From: Linda (firstname.lastname@example.org)
Date: Fri Oct 20 2000 - 20:17:27 PDT
[Hey Jeff, at least CMGI isn't at **2.5** ...yet...
AltaVista Exec Departs; What Hath Rod Schrock Wrought?
By George Mannes
10/19/00 8:06 PM ET
Following Rod Schrock's announcement Thursday that he was leaving his
post as CEO of CMGI (CMGI:Nasdaq - news) subsidiary AltaVista,
whoever ends up taking over his job will find a very long to-do list
waiting on his desk.
AltaVista, the flagship consumer-oriented business operated by
Internet empire CMGI, has set ambitious plans for itself over the next
12 months -- building new revenue streams, staking out patent claims
and perhaps even going public.
The plans, which AltaVista first broached in an early September
reorganization, are key to building AltaVista into one of the
survivors of the dot-com meltdown that has overtaken the Internet.

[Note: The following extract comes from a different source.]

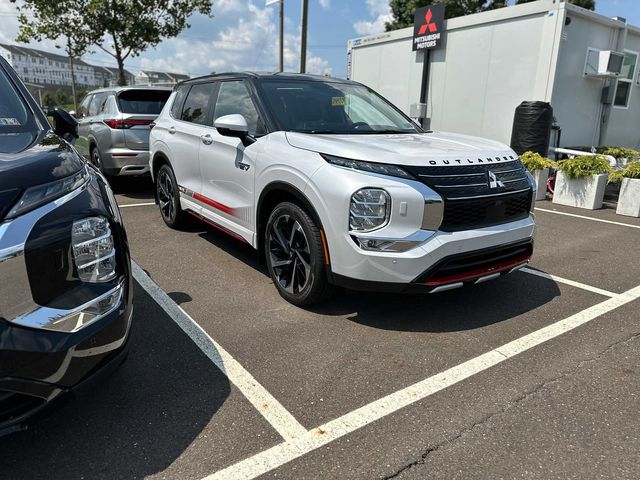 2024 Mitsubishi Outlander Plug-In Hybrid SE Ralliart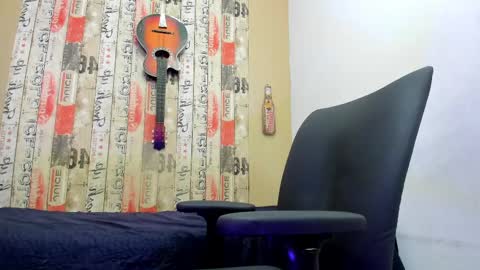   online show from March 9, 8:29 am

And AltaVista is in turn one of the key components of CMGI's business
-- the Search and Portals segment in which the search firm sits
accounted for $98 million, or 26%, of revenue in CMGI's fourth
quarter, making it the company's second-largest revenue line.
CMGI's stock rose a dollar Thursday to close at $16.44.
As Schrock explained in a presentation and an interview at CMGI's
semiannual analyst day last week, AltaVista is embarking on several
new strategies after dumping its plan, first announced last fall,
to become a media portal.
In Search Of
One element of AltaVista's business plan is to reap more money by
licensing its technology -- for example, to private companies that
need to index the information on their internal networks to make
them more easily searchable by employees.
In addition, AltaVista hopes to extract more money from the 50
million daily search queries conducted either on AltaVista's own
site or other Web sites to which it syndicates its search engine.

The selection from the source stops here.